Nicht wesentlich i.S. von § 130 Abs. 2 Nr. 3 AO 1977 sei auch, ob die Klägerin im Anschluß an den Erwerb des Grundstücks die steuerliche Förderung nach dem Eigenheimzulagengesetz in Anspruch nehme. Einerseits sei diese Inanspruchnahme nicht zwingend. Zum anderen diene die Eigenheimzulage der Förderung familiengerechten Wohnens im eigenen Wohneigentum. Dieser Förderungszweck würde tangiert, wenn ein in die Zukunft gerichteter Anspruch auch auf die Eigenheimzulage dem Erlaß von Steuern aus persönlichen Gründen entgegenstünde.
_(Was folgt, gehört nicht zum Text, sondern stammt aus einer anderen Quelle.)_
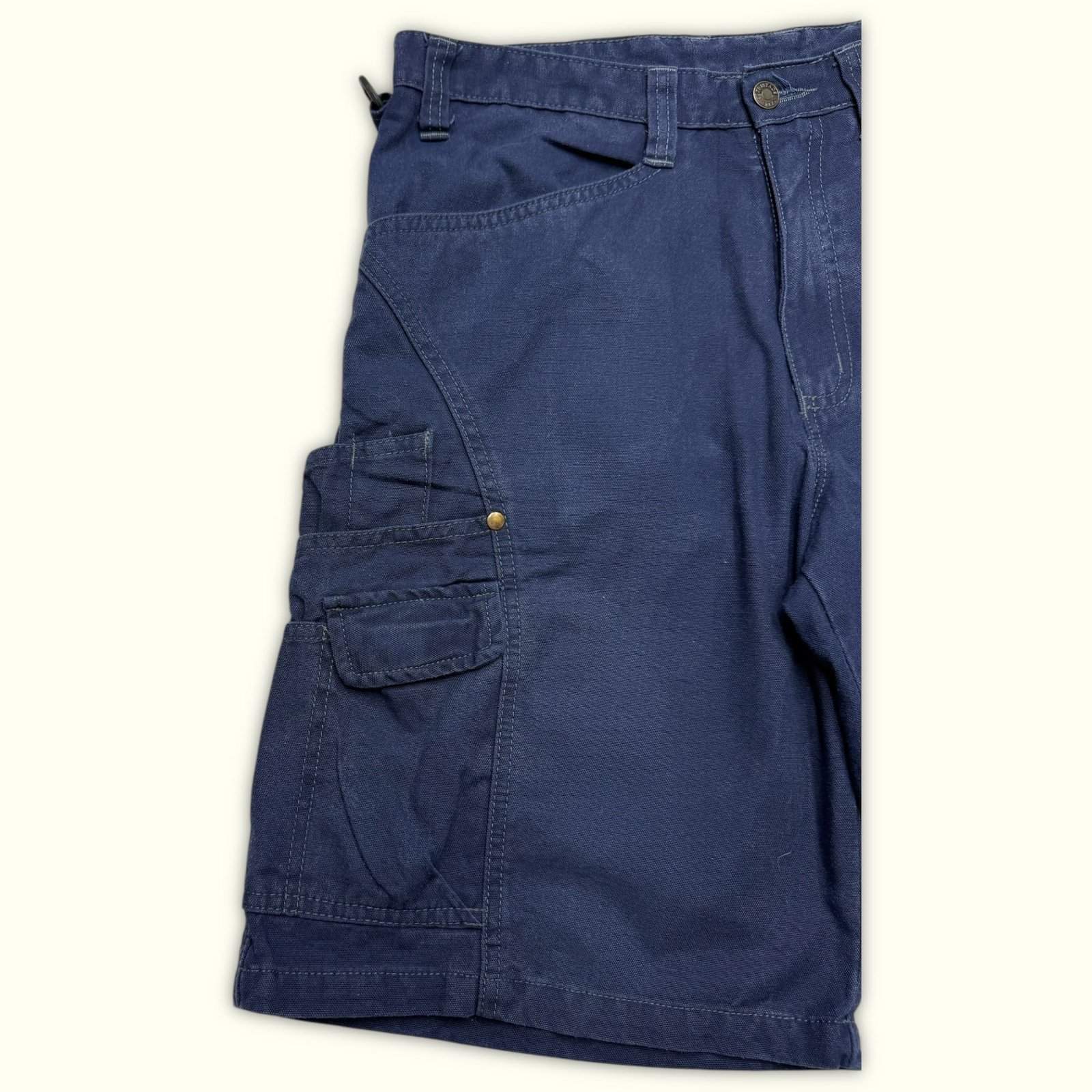 Fristads Kansas Short Regular Homme Workwear – W33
Dagegen hat das FA die vom Senat zugelassene Revision eingelegt. Es rügt Verletzung von § 96 Abs. 1 Satz 1 der Finanzgerichtsordnung (FGO). Das FG sei bei seiner Entscheidung davon ausgegangen, daß der Vater der Klägerin für den Hauskauf 50 000 DM darlehensweise zur Verfügung habe stellen sollen. Daß dieser Betrag der Klägerin darlehensweise von ihrem Vater überlassen worden sei, und nicht etwa geschenkt worden sei, lasse sich den Akten nicht entnehmen.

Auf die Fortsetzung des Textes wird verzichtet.